The regional economy is showing signs of continued growth in 2014. All six North Bay counties -- Lake, Marin, Mendocino, Napa, Solano and Sonoma -- are trending up in both leading and coincident indicators, showing that the region is in full recovery five years after the Great Recession of 2008--2009.
The U.S. economy continues to move at a relative moderate pace at the beginning of 2014.
Current forecasts have the U.S. economy growing gross domestic product (GDP) in real terms (inflation-adjusted) at 2.5 percent to 2.75 percent in 2014. Housing prices are also forecasted to continue their rise, though they are expected to slow down a bit from 2013's brisk pace.
In California, median housing prices for single-family homes saw an increase of over 20 percent year over year in 2013, the largest increase since the mid-2000s.
For 2014, that increase is likely to be more like 8 percent to 10 percent -- maybe a bit less.
Equity markets have reached new, nominal highs again; the S&P 500 is now close to its historic high in inflation-adjusted (real) terms.
Geopolitical issues, natural disasters and other potential downside risks have done little to shake investor confidence. Retail sales in the U.S. continue to climb steadily, as do American imports from other countries.Year of continued growth
All these signs point toward 2014 being a continued year of growth. In California, real economic growth is forecast to be over 3.4 percent in 2014, but growth is predicted at that pace or slightly higher through 2017 by the California Department of Finance for the Governor's budget.
Macroeconomists are usually concerned with three major markets: financial, labor, and goods/services markets. Financial markets are connected to labor and goods/services markets in that they are used to finance goods and services purchases.
Housing markets are where this connection is very obvious. Interest rate watching has now become a favorite pastime.
Most economists are predicting a slow and steady increase in interest rates over 2014, where the 10-year U.S. Treasury note may rise to, or close to, 4 percent.
One element of interest-rate growth is inflation expectations. The U.S. economy has yet to see much sign of rising prices that coincide with either growth or the slowing of an economic cycle.
In general, wage inflation drives general price levels higher. As wages rise, due to a labor market that has fewer workers, general prices rise as business transmit those higher wage demands to their customers through higher prices.
One side feeds the other, as more jobs are created and more wage and salary income is paid, consumers have more income to spend and can afford rising prices in the short-term.
Prices are forecast to rise slowly in 2014, keeping pace with the last three years at approximately 2 percent growth.
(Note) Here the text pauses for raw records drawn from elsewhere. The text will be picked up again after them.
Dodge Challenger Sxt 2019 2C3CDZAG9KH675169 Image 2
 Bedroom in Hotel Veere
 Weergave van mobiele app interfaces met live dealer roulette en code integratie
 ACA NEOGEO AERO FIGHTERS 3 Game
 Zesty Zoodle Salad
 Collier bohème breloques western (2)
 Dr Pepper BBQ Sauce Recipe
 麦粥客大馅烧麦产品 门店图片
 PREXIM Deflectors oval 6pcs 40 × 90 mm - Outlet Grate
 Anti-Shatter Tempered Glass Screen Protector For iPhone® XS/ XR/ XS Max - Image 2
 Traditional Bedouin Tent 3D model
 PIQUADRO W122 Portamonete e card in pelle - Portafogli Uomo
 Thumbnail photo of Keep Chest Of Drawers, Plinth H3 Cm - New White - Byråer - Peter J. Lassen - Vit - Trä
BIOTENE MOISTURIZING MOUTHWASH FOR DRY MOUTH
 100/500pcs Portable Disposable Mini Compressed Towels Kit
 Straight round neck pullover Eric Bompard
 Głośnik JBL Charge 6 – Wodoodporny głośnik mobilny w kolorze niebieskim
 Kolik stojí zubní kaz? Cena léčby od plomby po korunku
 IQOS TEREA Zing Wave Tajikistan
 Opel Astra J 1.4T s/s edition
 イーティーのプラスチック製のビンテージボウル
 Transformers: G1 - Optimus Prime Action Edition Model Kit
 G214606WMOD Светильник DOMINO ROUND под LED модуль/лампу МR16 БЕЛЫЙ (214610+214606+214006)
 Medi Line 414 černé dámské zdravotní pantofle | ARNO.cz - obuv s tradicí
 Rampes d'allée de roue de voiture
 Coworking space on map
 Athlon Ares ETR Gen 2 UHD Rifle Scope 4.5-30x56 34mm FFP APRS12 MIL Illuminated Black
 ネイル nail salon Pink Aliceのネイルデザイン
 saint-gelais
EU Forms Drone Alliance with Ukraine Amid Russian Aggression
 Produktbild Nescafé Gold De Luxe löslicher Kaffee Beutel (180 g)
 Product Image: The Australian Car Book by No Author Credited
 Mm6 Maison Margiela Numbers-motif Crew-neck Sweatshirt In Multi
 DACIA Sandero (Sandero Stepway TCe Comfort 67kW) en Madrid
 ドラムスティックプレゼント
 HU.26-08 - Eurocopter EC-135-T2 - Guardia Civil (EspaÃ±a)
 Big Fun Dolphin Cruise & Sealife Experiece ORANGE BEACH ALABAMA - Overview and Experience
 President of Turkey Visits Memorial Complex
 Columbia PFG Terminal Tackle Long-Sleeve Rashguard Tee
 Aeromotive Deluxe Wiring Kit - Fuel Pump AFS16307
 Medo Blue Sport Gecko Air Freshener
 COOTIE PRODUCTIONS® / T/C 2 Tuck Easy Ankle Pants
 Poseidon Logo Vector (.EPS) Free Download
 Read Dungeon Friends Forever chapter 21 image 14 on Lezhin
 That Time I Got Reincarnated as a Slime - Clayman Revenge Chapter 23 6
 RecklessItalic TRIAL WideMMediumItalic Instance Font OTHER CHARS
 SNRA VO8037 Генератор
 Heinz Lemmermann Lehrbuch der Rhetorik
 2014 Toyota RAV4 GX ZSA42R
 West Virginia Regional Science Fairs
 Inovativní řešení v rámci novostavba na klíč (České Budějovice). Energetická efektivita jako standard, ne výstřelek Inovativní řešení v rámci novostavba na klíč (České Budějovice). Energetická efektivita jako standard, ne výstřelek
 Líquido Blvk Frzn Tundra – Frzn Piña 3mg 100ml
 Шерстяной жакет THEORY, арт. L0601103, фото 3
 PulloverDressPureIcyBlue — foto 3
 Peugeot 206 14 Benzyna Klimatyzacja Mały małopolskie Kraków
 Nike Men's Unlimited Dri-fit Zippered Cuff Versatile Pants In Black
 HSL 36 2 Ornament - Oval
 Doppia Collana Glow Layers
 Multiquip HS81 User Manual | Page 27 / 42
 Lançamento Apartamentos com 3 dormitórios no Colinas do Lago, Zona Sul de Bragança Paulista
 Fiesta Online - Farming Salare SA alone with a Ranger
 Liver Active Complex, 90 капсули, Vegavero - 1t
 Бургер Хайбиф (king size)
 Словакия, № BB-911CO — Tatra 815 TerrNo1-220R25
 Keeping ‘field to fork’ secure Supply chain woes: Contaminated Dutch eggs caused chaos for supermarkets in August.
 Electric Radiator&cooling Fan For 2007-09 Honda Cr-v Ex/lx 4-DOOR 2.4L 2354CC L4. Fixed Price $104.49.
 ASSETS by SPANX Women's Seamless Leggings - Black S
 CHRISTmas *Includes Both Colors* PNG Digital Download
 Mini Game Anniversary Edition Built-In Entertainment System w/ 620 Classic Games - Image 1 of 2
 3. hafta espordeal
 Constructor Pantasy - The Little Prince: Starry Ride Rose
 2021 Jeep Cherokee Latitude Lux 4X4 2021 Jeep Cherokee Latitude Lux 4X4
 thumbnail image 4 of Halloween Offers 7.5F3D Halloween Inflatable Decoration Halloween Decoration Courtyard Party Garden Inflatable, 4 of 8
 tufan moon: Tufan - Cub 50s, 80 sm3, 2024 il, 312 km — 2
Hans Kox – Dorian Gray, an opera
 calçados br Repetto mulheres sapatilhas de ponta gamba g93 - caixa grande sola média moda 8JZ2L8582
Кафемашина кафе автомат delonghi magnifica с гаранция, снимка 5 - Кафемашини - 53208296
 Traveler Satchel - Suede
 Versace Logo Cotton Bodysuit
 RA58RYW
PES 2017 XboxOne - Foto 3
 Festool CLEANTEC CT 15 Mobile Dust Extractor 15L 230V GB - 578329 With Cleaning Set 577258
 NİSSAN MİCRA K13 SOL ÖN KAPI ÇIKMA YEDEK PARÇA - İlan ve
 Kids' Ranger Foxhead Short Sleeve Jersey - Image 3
In California, the cost of living is likely to rise a bit more quickly by 2.5 percent in 2014.
The change in leadership to Chairwoman Janet Yellen is likely to change the Federal Reserve's basic philosophy.
As unemployment continues to fall at the national level, pressure on wages to rise will generate higher inflation expectations.
Once national unemployment falls below 6.5 percent, this is one of the triggers (along with GDP and payroll employment growth) for the Federal Reserve to begin explicit increases of short-term interest rates to combat expected inflation.North Bay economy grows
Given these contexts, the outlook is good for the North Bay. Sonoma, Napa and Marin counties all have seen job growth in 2013, and continue to emerge from the 2008--2009 recession in earnest.
North Bay counties all showed signs of recovery in housing markets. However, Lake County lost some workers, versus the other counties that all gained.
Sonoma County's economy grew at 3.4 percent real growth, and generated 3,600 jobs. Housing markets provided a boost to Sonoma County homeowners and their wealth. At 21.2 percent growth from November 2012 to November 2013, this was the best year in housing markets since 2006.
Lake County saw very little price growth, though 2014 should be a better year for housing. Lake County also saw a loss of 140 jobs, about 1.1 percent of the jobs.
However, Lake County generated more income in 2013, about 4.2 percent real growth in productivity.
Mendocino County added 430 jobs, about 1.5 percent growth, while the county's economy grew about 2.8 percent. For these counties, job growth was seen in a broad mix of industries, where construction, manufacturing and services all grew in unison.
Jobs related to tourism and hospitality (hotel, restaurants, recreation in general) increased in all counties.